How to automate them

In both cases, you want to provide smart functions as simple as possible.

You need a smart socket. I’ve got plenty of Zigbee sockets that identify as TS011F.

TS011F

The socket should feature:

  • Active power measurement
  • Child lock function (if have a button - I usually turn it off by accident)
  • Power-on configuration

First run - measure

After the socket is plugged - leave it for 1-3 use cycles to measure active power in particular stages (at least idle and active). The bigger difference the better. Always remember to have a margin due to power oscillations.

Implement automations

After measurements implement automations. In my case (Home assistant, TS011F), there is a handy trigger that activates when power is lower/greater than X in Y seconds.

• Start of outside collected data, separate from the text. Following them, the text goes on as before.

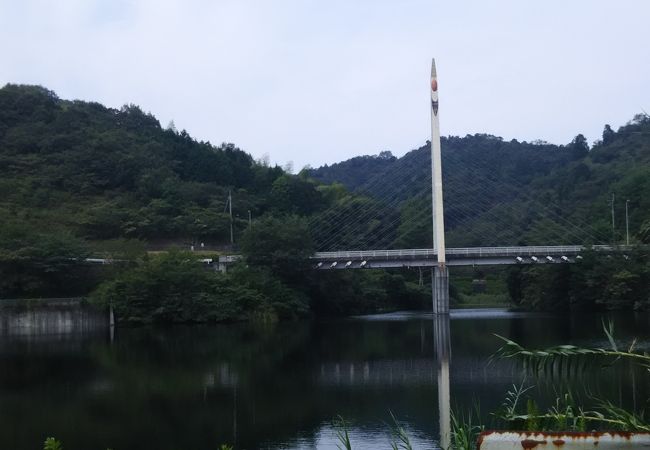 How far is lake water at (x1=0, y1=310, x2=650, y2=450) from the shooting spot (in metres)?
13.1

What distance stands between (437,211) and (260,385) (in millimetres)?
21039

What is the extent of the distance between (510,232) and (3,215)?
30.5 meters

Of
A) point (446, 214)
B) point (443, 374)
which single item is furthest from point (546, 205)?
point (443, 374)

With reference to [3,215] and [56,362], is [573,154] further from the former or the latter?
[56,362]

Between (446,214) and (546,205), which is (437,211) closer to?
(546,205)

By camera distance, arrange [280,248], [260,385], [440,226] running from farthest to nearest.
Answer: [280,248], [440,226], [260,385]

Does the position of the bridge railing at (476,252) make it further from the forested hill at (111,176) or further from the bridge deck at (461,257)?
the forested hill at (111,176)

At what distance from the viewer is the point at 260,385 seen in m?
17.9

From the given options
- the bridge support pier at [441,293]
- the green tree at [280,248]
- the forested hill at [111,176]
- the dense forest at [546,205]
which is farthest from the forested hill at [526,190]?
the green tree at [280,248]

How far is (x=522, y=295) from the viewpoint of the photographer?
163 feet

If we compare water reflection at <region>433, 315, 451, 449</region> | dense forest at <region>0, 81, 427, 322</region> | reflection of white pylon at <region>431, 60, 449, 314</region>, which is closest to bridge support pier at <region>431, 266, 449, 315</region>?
reflection of white pylon at <region>431, 60, 449, 314</region>

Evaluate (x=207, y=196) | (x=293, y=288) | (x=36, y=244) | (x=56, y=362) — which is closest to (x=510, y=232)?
(x=293, y=288)

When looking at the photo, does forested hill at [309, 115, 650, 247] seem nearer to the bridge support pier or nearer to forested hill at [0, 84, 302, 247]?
the bridge support pier

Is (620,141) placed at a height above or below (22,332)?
above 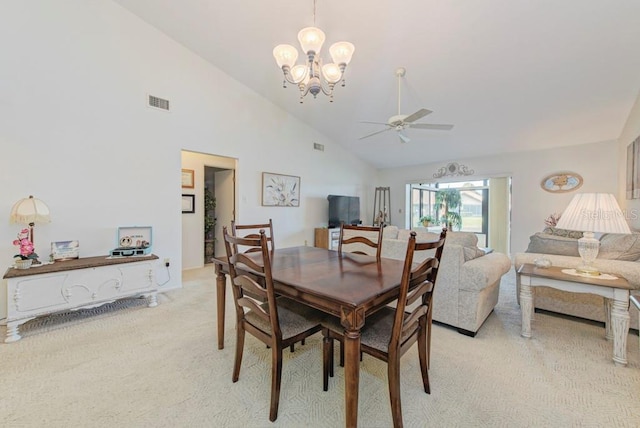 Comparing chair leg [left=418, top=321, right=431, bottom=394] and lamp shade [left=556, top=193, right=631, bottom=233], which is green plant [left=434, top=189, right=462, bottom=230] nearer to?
lamp shade [left=556, top=193, right=631, bottom=233]

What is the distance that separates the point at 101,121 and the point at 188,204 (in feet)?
6.58

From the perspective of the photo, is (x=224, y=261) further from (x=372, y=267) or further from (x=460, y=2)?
(x=460, y=2)

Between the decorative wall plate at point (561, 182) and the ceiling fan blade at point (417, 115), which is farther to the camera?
the decorative wall plate at point (561, 182)

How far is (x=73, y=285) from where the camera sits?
2.70 meters

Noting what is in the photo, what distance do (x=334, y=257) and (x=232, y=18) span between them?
308cm

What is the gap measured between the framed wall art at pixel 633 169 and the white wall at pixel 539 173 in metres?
1.00

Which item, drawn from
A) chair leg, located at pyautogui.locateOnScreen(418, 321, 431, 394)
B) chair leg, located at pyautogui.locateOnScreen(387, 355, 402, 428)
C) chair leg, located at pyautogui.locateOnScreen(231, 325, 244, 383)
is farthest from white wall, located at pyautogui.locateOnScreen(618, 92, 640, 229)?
chair leg, located at pyautogui.locateOnScreen(231, 325, 244, 383)

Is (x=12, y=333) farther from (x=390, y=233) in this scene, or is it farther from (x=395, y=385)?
(x=390, y=233)

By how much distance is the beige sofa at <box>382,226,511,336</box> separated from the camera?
240cm

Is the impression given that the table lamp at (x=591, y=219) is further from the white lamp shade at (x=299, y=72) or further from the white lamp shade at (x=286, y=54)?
the white lamp shade at (x=286, y=54)

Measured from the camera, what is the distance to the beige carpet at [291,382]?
1.51 m

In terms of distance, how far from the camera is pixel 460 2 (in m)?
2.55

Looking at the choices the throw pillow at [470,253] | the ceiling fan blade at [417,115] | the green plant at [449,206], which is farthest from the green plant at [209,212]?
the green plant at [449,206]

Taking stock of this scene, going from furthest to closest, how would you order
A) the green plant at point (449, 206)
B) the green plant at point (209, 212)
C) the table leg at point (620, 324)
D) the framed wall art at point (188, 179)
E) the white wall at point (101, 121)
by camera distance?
the green plant at point (449, 206)
the green plant at point (209, 212)
the framed wall art at point (188, 179)
the white wall at point (101, 121)
the table leg at point (620, 324) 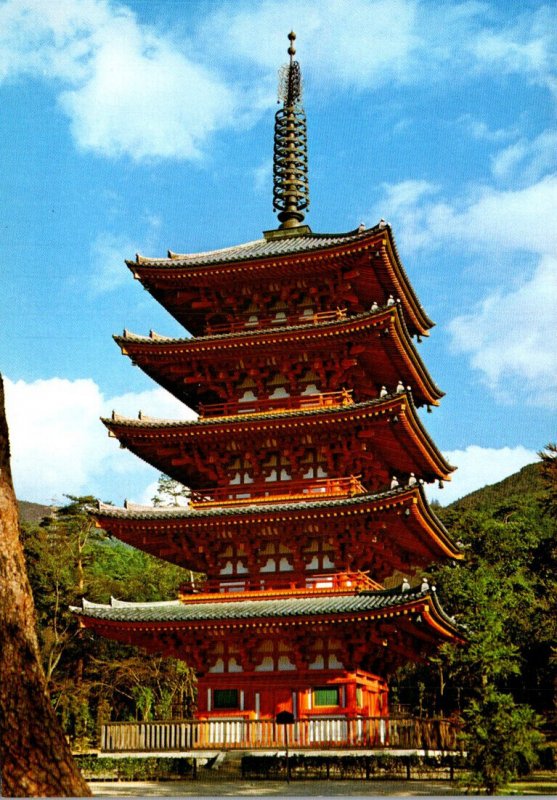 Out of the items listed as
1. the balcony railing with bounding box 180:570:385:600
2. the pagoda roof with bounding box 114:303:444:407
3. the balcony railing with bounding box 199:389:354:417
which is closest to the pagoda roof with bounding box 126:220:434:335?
the pagoda roof with bounding box 114:303:444:407

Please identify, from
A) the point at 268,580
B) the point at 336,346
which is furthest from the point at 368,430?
the point at 268,580

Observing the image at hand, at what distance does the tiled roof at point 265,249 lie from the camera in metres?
24.6

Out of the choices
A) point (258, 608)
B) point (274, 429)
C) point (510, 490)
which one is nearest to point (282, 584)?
point (258, 608)

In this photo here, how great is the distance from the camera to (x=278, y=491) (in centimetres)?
2431

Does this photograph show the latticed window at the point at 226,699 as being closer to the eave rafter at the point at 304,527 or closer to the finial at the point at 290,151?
the eave rafter at the point at 304,527

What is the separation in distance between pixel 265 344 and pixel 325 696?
28.9 feet

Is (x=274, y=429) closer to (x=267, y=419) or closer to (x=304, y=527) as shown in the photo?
(x=267, y=419)

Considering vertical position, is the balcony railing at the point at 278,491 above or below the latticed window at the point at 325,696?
above

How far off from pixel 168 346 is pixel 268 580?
22.2ft

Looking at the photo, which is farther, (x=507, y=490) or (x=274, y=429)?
(x=507, y=490)

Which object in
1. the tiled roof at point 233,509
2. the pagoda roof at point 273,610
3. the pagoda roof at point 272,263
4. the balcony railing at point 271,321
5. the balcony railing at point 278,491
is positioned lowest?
the pagoda roof at point 273,610

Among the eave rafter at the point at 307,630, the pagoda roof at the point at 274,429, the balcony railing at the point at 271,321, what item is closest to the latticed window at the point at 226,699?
the eave rafter at the point at 307,630

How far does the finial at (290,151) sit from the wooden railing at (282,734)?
15.1 metres

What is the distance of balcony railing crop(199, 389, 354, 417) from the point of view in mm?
24547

After a trigger is activated, it is a good idea to send a notification to the smarthome. Notice that other uses will probably need a little different triggers (notification versus power off).

Downsides

In my case, the dishwasher sometimes wakes up, causing a notification to trigger. I need to make a higher margin for power or trigger only if previous pover was higher than X W for Y minutes. The adjustments are still in progress.

3d printer power saving

My Prusa printers have Home Assistant integrations, but they don’t have strict information (for now) if the heatend fan is disabled - and this is a problem because disabling the printer while cooling off can damage your extruder. I’ve identified that:

  • MK3 with Rpi uses ~100-250W during use, ~15W when cooling and no more than 10W in idle (when no cooling is needed)
  • MK4 uses ~100-250W during use, ~20W when cooling and no more than 14W in idle (when no cooling is needed)

TS011F

Due to variability, the notification might be triggered earlier. It is a better solution to use PrusaLink if possible. However, 20 minute delay guarantees that printer will not be disabled with heatend fan being enabled (even with silicon socket). It is still a great way to save the power :)

Conclusion

Using the simple power measurement you can detect a device stage and perform automations, like the notification sending. In most cases, they are sufficient for the home appliances, which requires manual interactions.